The BANANA REPUBLIC LRG 300
Roger Allan Cleaves, The Banana Republic of Oz, 2025; Oil on canvas, 36 x 36 inches; Courtesy of the artist

Mallory and Wurtzburger Galleries

Roger Allan Cleaves: A World on Fire

Jan 11, 2026 - Apr 12, 2026

Organized by: Dixon Gallery and Gardens

Native Memphian Roger Allan Cleaves is a painter and writer whose current work centers on Forget Me Nots Land, a fictional multiverse of his own creation. Launched by the artist in 2017, the Forget Me Nots Land series is a complex Afrofuturist fantasy that purposefully resists easy explanations and simple summaries. A World on Fire is the most recent chapter of this ongoing epic narrative. Cleaves’s colorful, abstract, and distorted figures and landscapes synthesize influences from the history of modernism including Cubism, Surrealism, and Pop, with the aesthetics of collage and comics. By borrowing and reconfiguring aspects of famous art movements, he has developed a visual language that allows him to investigate and challenge the relationships between Black artists and contemporary art institutions. Furthermore, as in many examples of world-building from the rich history of science-fiction, Forget Me Nots Land exists in parallel to our own contemporary world, and thus becomes a place for the consideration of current social and cultural concerns.

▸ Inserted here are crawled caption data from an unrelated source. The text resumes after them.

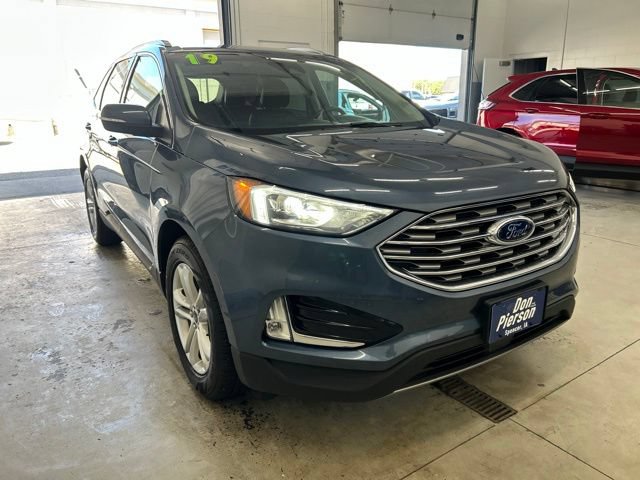 Used 2019 Ford Edge SEL w/ Equipment Group 201A AWD/4WD image 3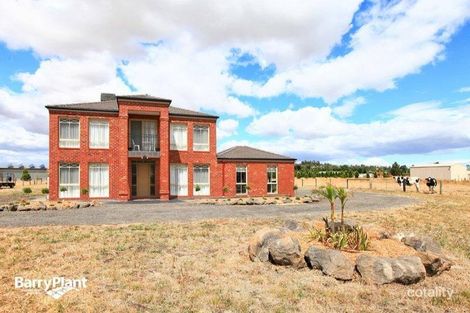 Property photo of 25 Sanctuary Rise Mickleham VIC 3064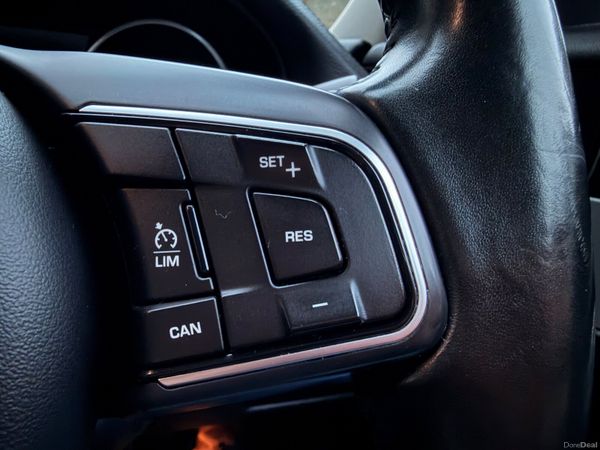 Jaguar XF 2016 Diesel Fuji White Black Wheels 383470025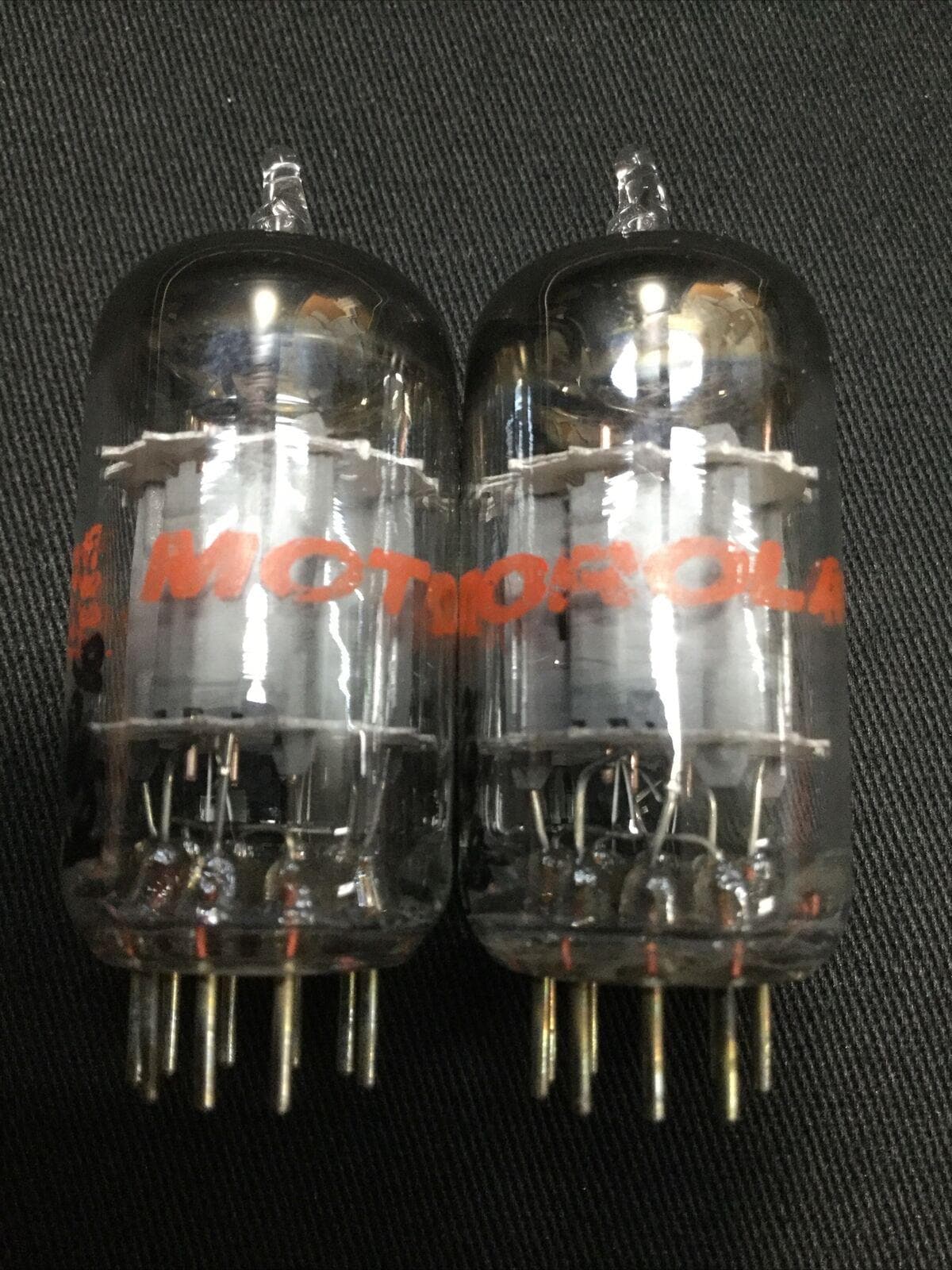 Zusammenpassendes Paar Motorola (GE) 12AU7A Audio-Verstärker Vakuumröhren Getestet Vintage 4.5290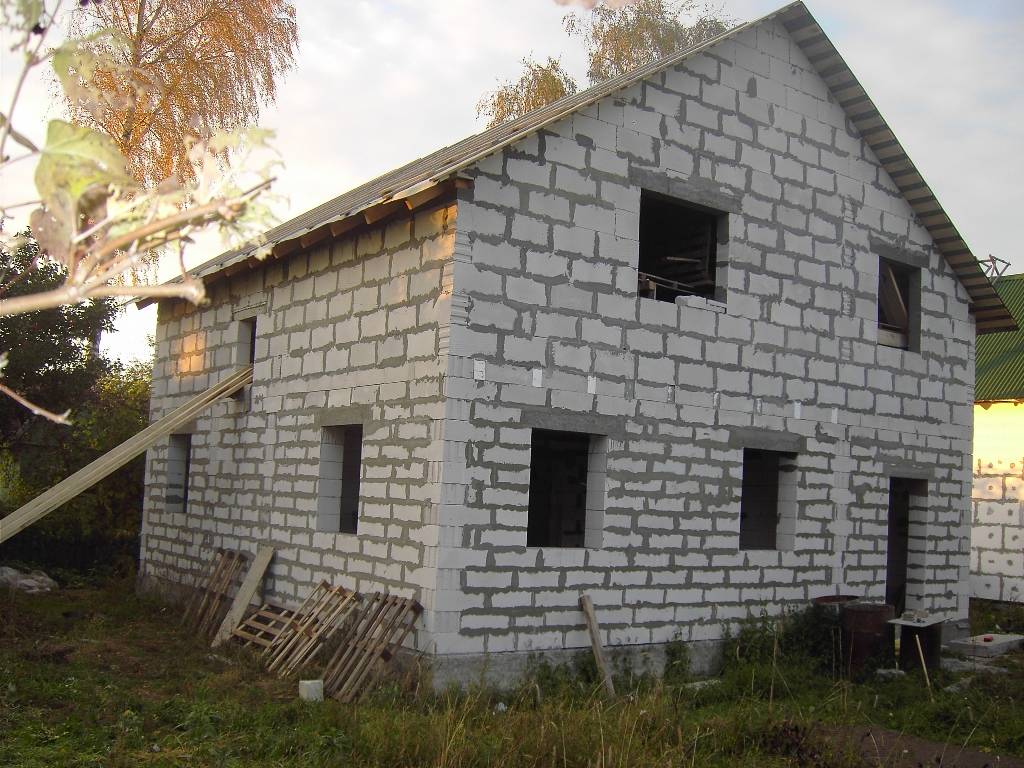 Дом из газобетона: плюсы и минусы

In this chapter, Cleaves explores community, immigration, and celebratory rituals. A World on Fire centers around a biannual festival that begins when the weather changes the landscape of Forget Me Nots Land to a brilliantly colored place of oranges and golden yellows. This year, prospective new transplants to Forget Me Nots Land travel long distances from other realms of existence to participate in the fun. At the end of these celebrations, the natural world typically returns to its normal color, but this year, it is left inexplicably grey. The citizens of Forget Me Nots Land can only look back wistfully on what used to be, while the main protagonist, Bookie, sets out on a quest in hopes of restoring color to the world.